The establishment of the MedStar clinician portal was not made by a straightforward declaration, but rather an iterative process resulting from e-Health's simultaneous work on its other mandates. Initially e-Health avoided the concept of internal development as it was believed that there surely had to be a vendor clinician portal that could meet MedStar's diverse needs.

However, while we conducted the portal vendor analysis, new solutions and technology pilots needed an aggregation point for participant involvement. Specific needs included user support, pilot requests and an online home for medical content important to MedStar clinicians. This need led to the establishment of a static Web site originally called the interim clinician portal.

The decision to initially consider the portal as an interim strategy allowed us maximum flexibility in determining future design decisions. Over the next two years, while simultaneously conducting the vendor portal search, we continued to add to the capabilities of the static Web site and the interim solution started to gain momentum with MedStar clinicians. As the interim portal expanded functionality through a clinician-centric design philosophy, so did the user base — expanding from a few hundred users to the majority of the 4,000-plus clinician community having clinician portal accounts.

As we continued to look at vendor portals during this time, the cost and degree of customization (buy+build) necessary for one of them to match our successfully growing interim solution pushed the vendor option farther and farther out of our reach. In many cases, the vendor portals did not even offer the ability to customize to the degree needed to match our clinician requirements.
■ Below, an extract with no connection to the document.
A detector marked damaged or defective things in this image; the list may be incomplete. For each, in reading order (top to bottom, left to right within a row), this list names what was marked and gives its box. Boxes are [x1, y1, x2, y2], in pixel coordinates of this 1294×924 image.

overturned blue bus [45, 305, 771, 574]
Major milestones in the Web site evolution to a clinician portal included: the creation of a login-required area to display restricted-access MedStar information; the addition of the MedStar online clinical library; the addition of a custom clinical messaging application; and the creation of the clinician portal single sign-in strategy, which declared that all portal functionality would not require an additional sign-in for the end user.

Under this strategy a number of clinical applications have been integrated into the portal, including Alpharetta, Ga.-based McKesson Horizon Patient Folder, and, most notably, the Web-based medical results viewer, webAzyxxi, which is based on the Azyxxi Medical Information System, now owned by Microsoft (Redmond, Wash.). Azyxxi, created by Mark Smith, M.D., and Craig Feied, Ph.D., M.D., at MedStar's Washington Hospital Center, is another example of a self-built application having the flexibility to bring together disparate information sources from MedStar's many vendor systems. Azyxxi has since been purchased by Redmond, Wash.-based Microsoft.
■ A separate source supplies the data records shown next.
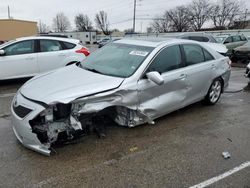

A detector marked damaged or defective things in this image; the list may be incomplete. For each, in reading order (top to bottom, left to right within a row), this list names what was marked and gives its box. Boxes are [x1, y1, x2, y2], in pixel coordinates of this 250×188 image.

broken bumper [11, 92, 51, 156]
damaged car [11, 38, 230, 156] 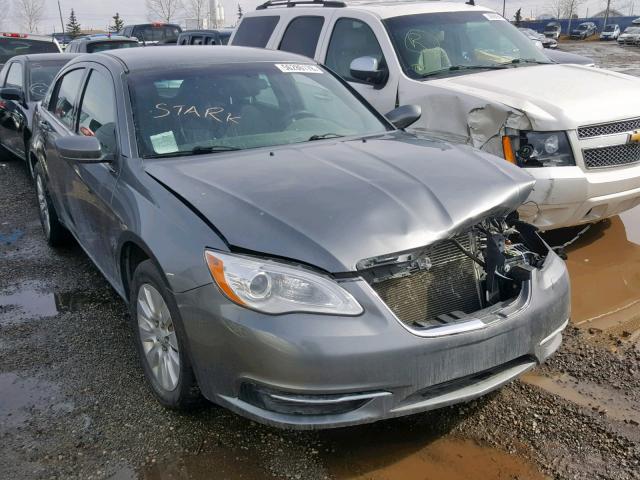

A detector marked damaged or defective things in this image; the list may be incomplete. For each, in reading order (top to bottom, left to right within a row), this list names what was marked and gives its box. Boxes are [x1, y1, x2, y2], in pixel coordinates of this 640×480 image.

damaged suv [235, 1, 640, 231]
bent hood [428, 64, 640, 131]
broken headlight assembly [504, 131, 576, 169]
crushed grille [576, 119, 640, 140]
crushed grille [584, 142, 640, 169]
broken headlight assembly [206, 249, 362, 316]
damaged suv [30, 46, 568, 428]
damaged gray sedan [30, 47, 568, 430]
bent hood [146, 133, 536, 274]
crushed grille [370, 232, 480, 326]
crumpled front bumper [174, 253, 568, 430]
MedStar's decision process evolved from pure buy to buy+build to build+build over the course of this project. A key finding was discovering and measuring the level of customization required to make the portal successful, no matter what the platform. The future of this strategy will be determined by the maturation of vendor systems, decreasing cost, and true interoperability.

Jason Kreuter Ph.D., is associate director, MedStar e-Health; Allison Stover is a healthcare consultant; and Peter Basch M.D., is medical director, MedStar e-Health.